Part 6

982 37 142
                                    

~Jesse's perspective~


There he is again. Standing in front of my door, as if it's normal, as if it's a habit. But it still feels special, it still makes my heart beat faster. I hope I never grow tired of his presence. And now he's sitting on my couch as I hand him a cup of tea, his scent filling my nose, his laughter filling my ears and his beauty filling my eyes. I feel myself get more comfortable as I sit down next to him, his legs curled up against the back of the couch, his eyes following me as I hit the pillows. I can't explain why, but the way he holds his cup- I can't stop staring at it. It's not that special: He just holds the handle, his thumb placed on the place where he will drink and his other hand is just holding the cup. But it makes me feel something. 

"So, how was your day?"

I get snapped back into reality by his voice. I take a sip as I look him in the eye.

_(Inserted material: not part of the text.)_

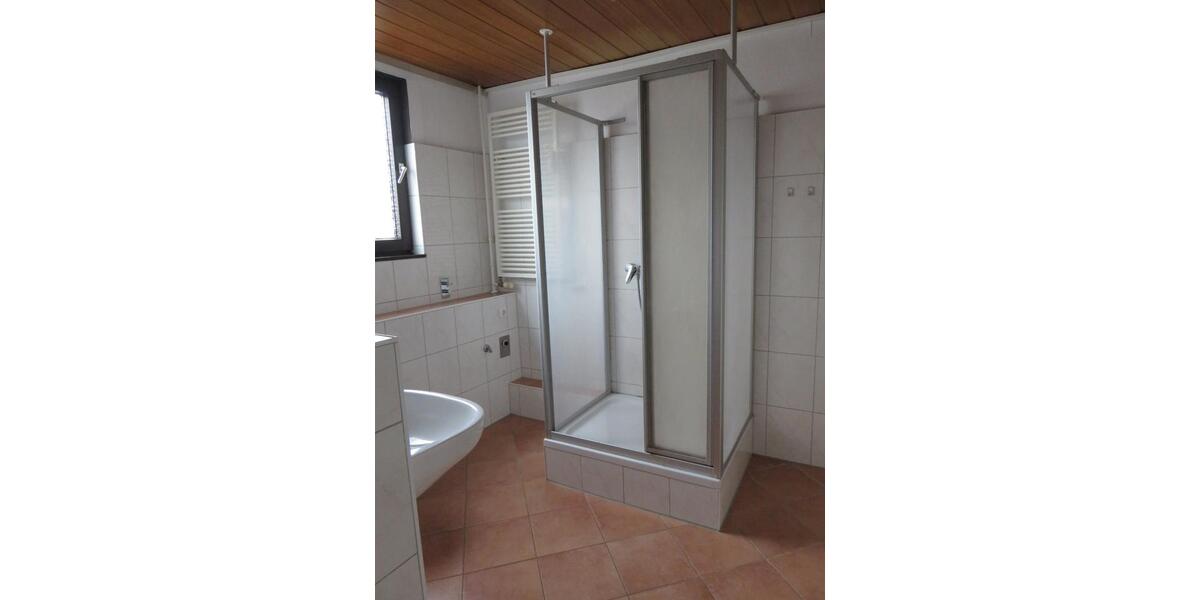 Dachgeschoßwohnung Wolfsburg - 2 Zimmer, 60 m&sup2;, 550&euro; | Angebot:26237596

"I-ahh that's hot" the tea almost spills as I try to cool my tongue down. His tea almost spills because he's chuckling. It's a cute chuckle-

"It's not that funny."

"Well it- ouch!" a little bit of tea spilled on his hand. He puts down his cup as he shakes his hand.

"Karma."

"Oh boohoo. But what happened today?"

"Well I watched the debate."

"Did you enjoy it?"

"Uhh- yes. You were really-uh- good."

"Why, thank you."

Is he blushing?

"But I-uhh-" God how do I put this? Now that I see him sitting in front of me I don't want to let him down. Maybe he was counting on me to come back. Don't be stupid, why would he be? His eyes penetrate mine. God just say it, quick, like a band-aid. He needs to understand that you need time.

So I do exactly that- "Idon'tthinkI'mreadytogetbacktowork"

"What?"

"I-I- I don't think I'm ready to get back to... work. I think I need more time."

"That's okay... may I know why?"

Shit, what do I say now?

"I don't know why, but when I think about...." a cold feeling strikes me. I feel panic coming up. Oh no, calm down. "When I think about work-" I try to say it louder to suppress the feeling "-I just get... overwhelmed?"

"Okay, okay. That's normal. Do you need anything?"

"I don't know. I just think I need time. I need to figure it out."

"Should I leave then?"

"NO! Uhm- I mean no... I don't want to be by myself."

"Okay, then I'll stay. Do you want to do anything?"

"Don't you need to do stuff for work."